▸ PROBLEM TO SOLVE
Leave out the pictures, and print exactly the lines from the one holding "PATUMTHANI, THAILAND - OCT" through the last line of the material.
[SOURCE DATA Boundary: Start]
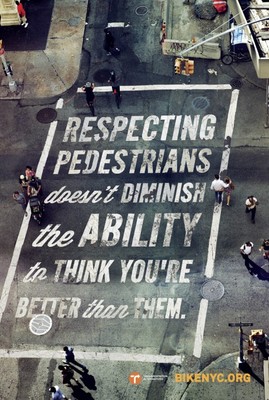 an overhead view of a street with a message painted on it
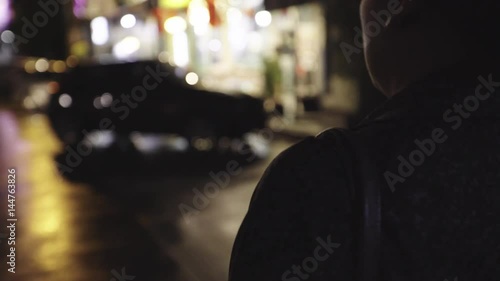 woman walking alone in urban night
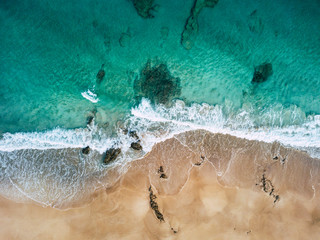 Aerial view of beautiful tropical beach and blue ocean landscape - heaven resort paradise concept for great sumer holiday vacation - tourism destination fuerteventura in spain canary islands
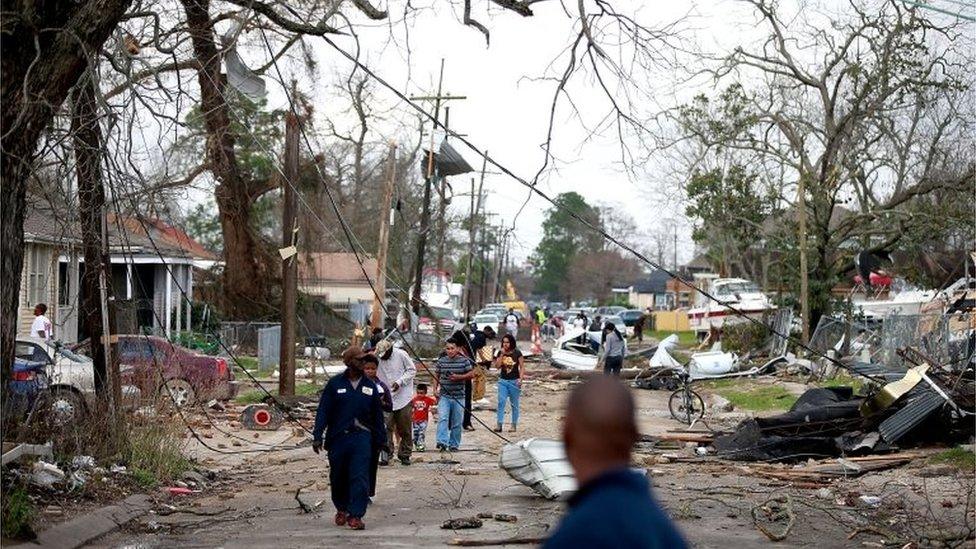 Residents walk down a street along Chef Menture Ave after a tornado touched down in the eastern part of New Orleans, Louisiana.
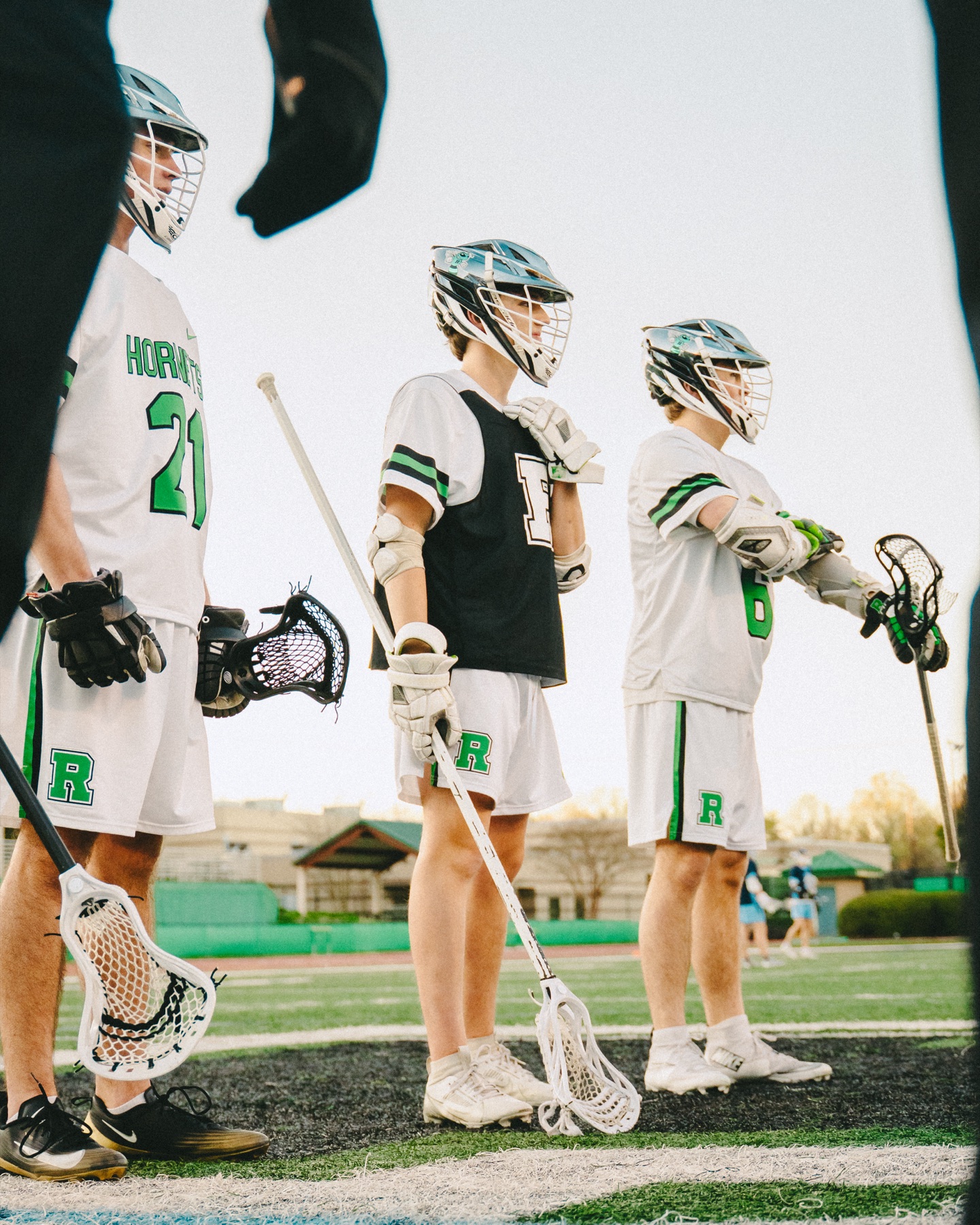 Lacrosse players watching from the sideline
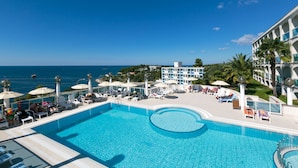 A swimming pool with lounge chairs and umbrellas, a building with balconies, and a view of the sea. - Hotel Gran Vista Plava Laguna (Porec)
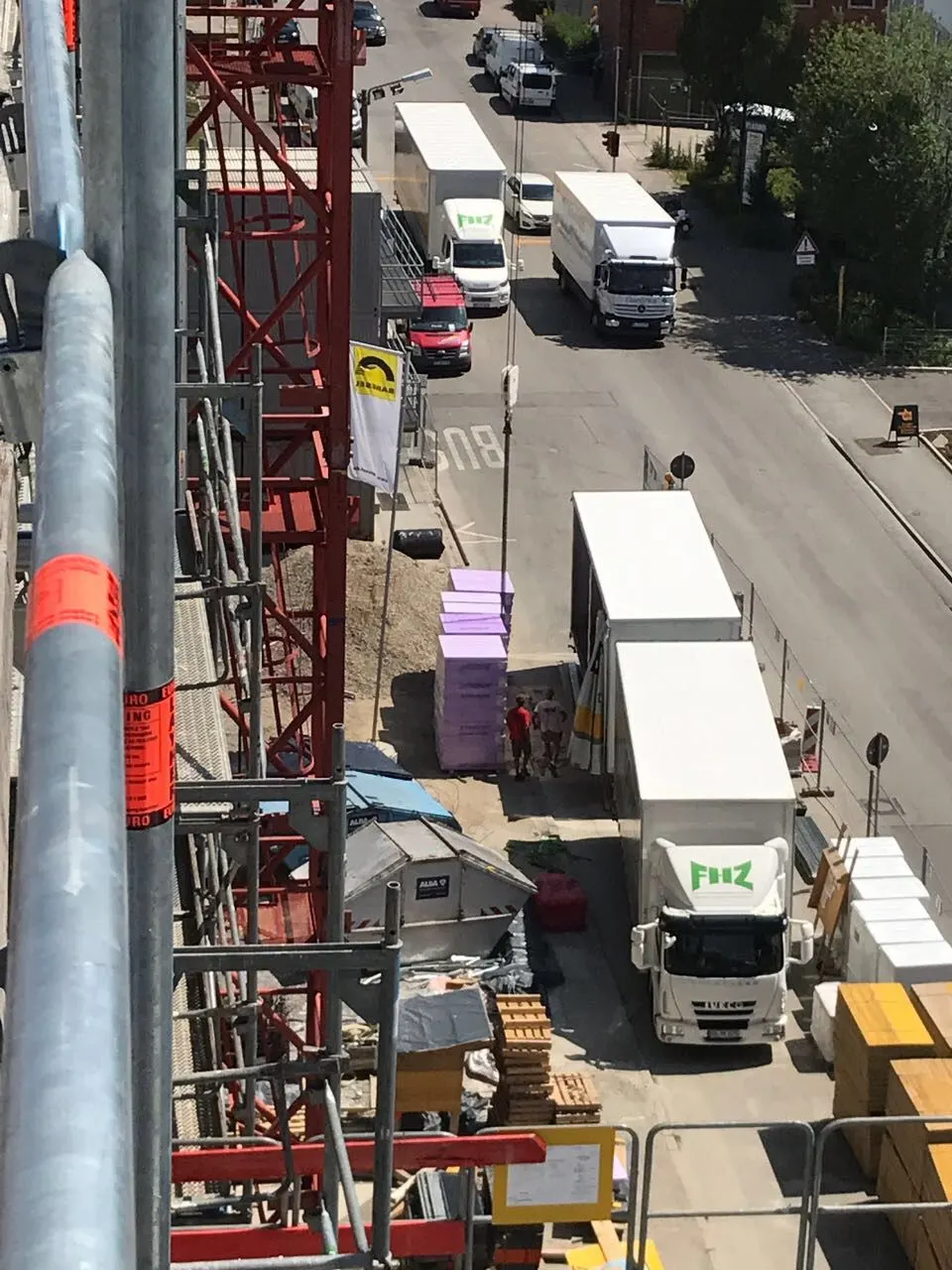 Blick vom Gerüst auf FHZ-Lkw und Baustellenverkehr in einer Straße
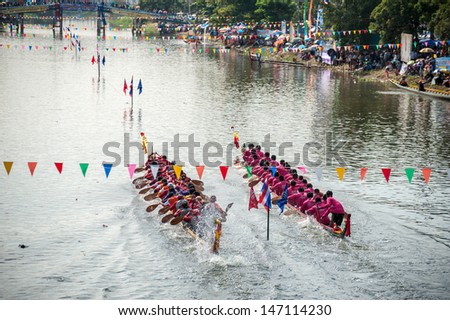 PATUMTHANI, THAILAND - OCT 28: Two rowing teams in full speed during Thai Long-tailed Boat Competition for Royal Championship Cup on October 28, 2012 in Rangsit, Pathumthani, Thailand.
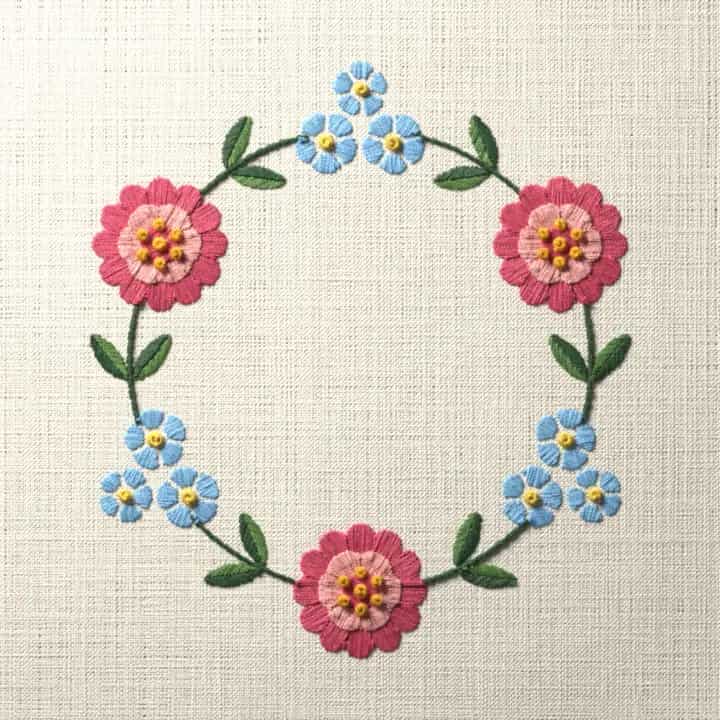 Zinnia and forget-me-not wreath: preview of the stitched design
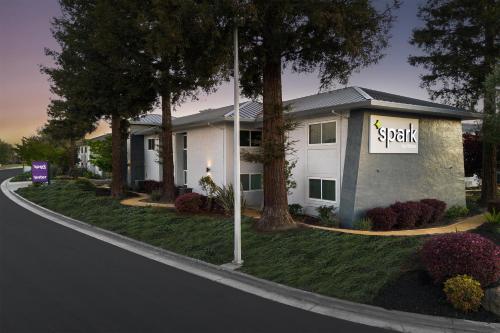 a building with a sign on the side of a street at Spark by Hilton San Jose Airport in San Jose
[SOURCE DATA Boundary: End]
▸ TASK RESULT
 PATUMTHANI, THAILAND - OCT 28: Two rowing teams in full speed during Thai Long-tailed Boat Competition for Royal Championship Cup on October 28, 2012 in Rangsit, Pathumthani, Thailand.
 Zinnia and forget-me-not wreath: preview of the stitched design
 a building with a sign on the side of a street at Spark by Hilton San Jose Airport in San Jose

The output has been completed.